Question

Assume that 80% of people are left-handed. If we select 5 people at random, find the probability of each outcome described below, rounded to four decimal places:

a. There are some lefties (≥ 1) among the 5 people.

b. There are exactly 3 lefties in the group.

c. There are at least 4 lefties in the group.

d. There are no more than 2 lefties in the group

. e. How many lefties do you expect?

f.
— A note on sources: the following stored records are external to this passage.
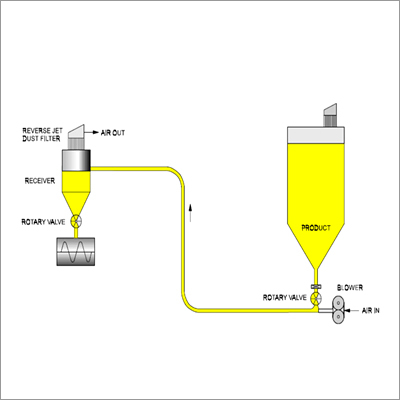 Pressure Conveying  Lean Phase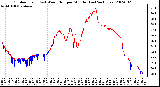 Milwaukee Weather Outdoor Temp (vs) Wind Chill per Minute (Last 24 Hours)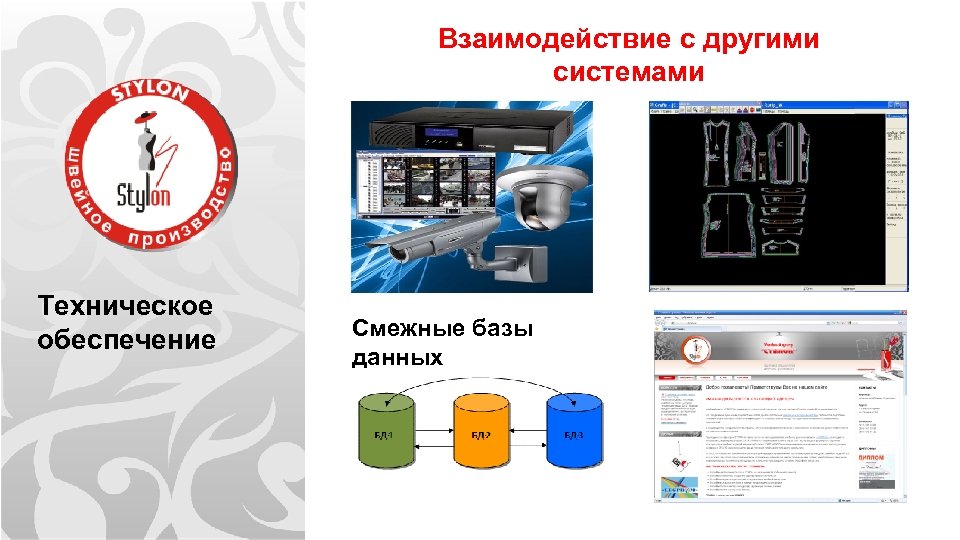 Взаимодействие с другими системами Техническое обеспечение Смежные базы данных 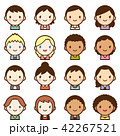 世界の人々 人種 男女 顔 かわいい アイコン セット 世界の人々 人種 男女 顔 かわいい アイコン セット 42267521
With what standard deviation?

Answer 1

Solution:-

a) The probability that there are some lefties (≥ 1) among the 5 people is 0.99968.

x = 1, n = 5, p = 0.80

By applying binomial distribution:-

P(x,n) = ⁿC_x*p^x*(1-p)^(n-x)

P(x > 1) = 0.99968

b) The probability that there are exactly 3 lefties in the group is 0.2048.

x = 3, n = 5, p = 0.80

By applying binomial distribution:-

P(x,n) = ⁿC_x*p^x*(1-p)^(n-x)

P(x = 3) = 0.2048

c) The probability that there are at least 4 lefties in the group is 0.7373.

x = 4, n = 5, p = 0.80

By applying binomial distribution:-

P(x,n) = ⁿC_x*p^x*(1-p)^(n-x)

P(x > 4) = 0.7373.

d) The probability that there are no more than 2 lefties in the group is 0.05792.

x = 2, n = 5, p = 0.80

By applying binomial distribution:-

P(x,n) = ⁿC_x*p^x*(1-p)^(n-x)

P(x < 2) = 0.05792.

e)The expected number of lefties in the group are 4.0.

E(x) = n × p

E(x) = 5 × 0.80

E(x) = 4.0

f) The standard deviation of the lefties in the group is 0.8944.